Lean innovation combines the concept of McKinsey’s three horizons of innovation with the concept of the lean startup.
As companies mature, they tend to focus on optimizing how they conduct business and may lose sight of new opportunities for growth. What they need is a framework that allows them to grow consistently throughout their life. Lean innovation combines the concept of McKinsey's three horizons of innovation with that of the lean startup.
Listen to Steve Blank explain the Horizons model for innovation, originally developed by McKinsey & Company, and its application to the lean startup. He discusses the focus of each Horizon:
- Horizon One focuses on executing the existing business model
- Horizon Two focuses on extending or modifying the existing business model
- Horizon Three focuses on exploring or adopting new business models
“Horizons” is a product of McKinsey from about a decade or so ago, that’s a framework for company leadership to use to think about how to do more than just manage their existing product line or their existing businesses. And the original McKinsey version of Horizons said “Listen, let’s think about three horizons of innovation.”
Horizon One is our core business or businesses, and these are the ones you kind of think about, when you think about what the company does that provides the greatest profits and cash flow. And so it’s what you know typically execs are managing and worrying about 98% of their time. But they also offered there are two more horizons that senior leadership and corporations need to be thinking about. And they said Horizon Two are kind of rapidly growing businesses or emerging opportunities that might generate future profits but require much more investment in either people, resources, or time.

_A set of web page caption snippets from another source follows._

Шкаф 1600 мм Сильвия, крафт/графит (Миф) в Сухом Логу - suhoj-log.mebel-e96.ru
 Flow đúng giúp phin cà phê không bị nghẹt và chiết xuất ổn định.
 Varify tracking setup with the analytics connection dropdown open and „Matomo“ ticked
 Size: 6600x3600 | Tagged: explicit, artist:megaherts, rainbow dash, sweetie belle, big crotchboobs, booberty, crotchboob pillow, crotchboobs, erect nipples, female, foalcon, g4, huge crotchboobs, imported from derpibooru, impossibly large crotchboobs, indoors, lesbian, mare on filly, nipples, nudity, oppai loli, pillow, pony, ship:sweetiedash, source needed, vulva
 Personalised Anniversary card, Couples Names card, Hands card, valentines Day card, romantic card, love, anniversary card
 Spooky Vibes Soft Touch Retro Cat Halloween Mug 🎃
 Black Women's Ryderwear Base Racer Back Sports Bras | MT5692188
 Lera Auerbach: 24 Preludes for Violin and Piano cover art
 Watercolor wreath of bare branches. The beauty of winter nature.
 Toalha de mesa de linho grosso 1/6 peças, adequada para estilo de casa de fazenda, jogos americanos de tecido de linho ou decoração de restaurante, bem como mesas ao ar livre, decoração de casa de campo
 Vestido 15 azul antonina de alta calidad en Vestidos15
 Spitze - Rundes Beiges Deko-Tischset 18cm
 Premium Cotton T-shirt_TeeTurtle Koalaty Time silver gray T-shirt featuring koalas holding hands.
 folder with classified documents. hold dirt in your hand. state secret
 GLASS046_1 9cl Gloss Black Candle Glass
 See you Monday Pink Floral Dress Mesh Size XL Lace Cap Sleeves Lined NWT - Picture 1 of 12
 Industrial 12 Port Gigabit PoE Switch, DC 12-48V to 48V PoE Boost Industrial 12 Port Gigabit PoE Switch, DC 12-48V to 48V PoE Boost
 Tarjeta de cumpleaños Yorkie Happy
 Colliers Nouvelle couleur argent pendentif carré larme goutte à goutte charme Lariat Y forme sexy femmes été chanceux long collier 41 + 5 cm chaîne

And Horizon Three are the crazy things: they’re emerging businesses. These are things that you know you might want to invest in or you know you have a small R&D group who historically was the province of advanced R&D. That was kind of how McKinsey kind of laid this out as I said a decade or two ago. But we have a much better and more efficient way to think about these horizons now.
So lean innovation actually combines this three-horizon model with what we know as lean startups. It basically says, let’s use the horizon words, but actually talk about it in context of what’s called the business model. And so in Horizon One, these are activities that we now define that support your existing business model.
It’s your core business but here we’re executing a known business model that is we know who our customers are, what features they want, who our competitors are, pricing channels, supply chain etc. this uses all the existing capabilities and has low risk in getting the next product out the door.
And management in this horizon works by building repeatable and scalable processes, procedures, incentives and KPI’s to execute and measure the business model.
Innovation and improvements occurs in Horizon One, historically on processes, procedures, and costs. Now, Horizon Two in the lean innovation model, instead of executing a business model, extends a core business model. Here, the company looks for new opportunities in an existing business model. Maybe let’s take the same product and put it in a different channel, or that use the same technology but go after a new customer segment. Or, sell existing customers new products, that is you have a series of knowns but let’s try some variables on the business model.
So, Horizon Two uses mostly existing capabilities but has moderate risk in getting those out the door. And management of Horizon Two is a little different. It’s not only KPI’s and processes and procedures, you’re kind of using pattern recognition and experimentation inside the current business model.
But Horizon Three, is where companies put their crazy entrepreneurs. These are all the people that you almost want to strangle or fire, but trying to keep in mind that outside of your company they’d probably be the CEO of a startup.
These innovators want to create new and potentially disruptive business models. Here, the company’s essentially incubating a startup. And they’re doing this with speed and urgency to find a new, repeatable, and scalable business model.
Now, our experience in going all the way back to when IBM set up their first PC group says, Horizon Three groups need to be physically separate from operating divisions in a corporate incubator, or in their own facility. And more importantly, they need to have their own very separate plans, procedures, processes that are different from those in Horizon One.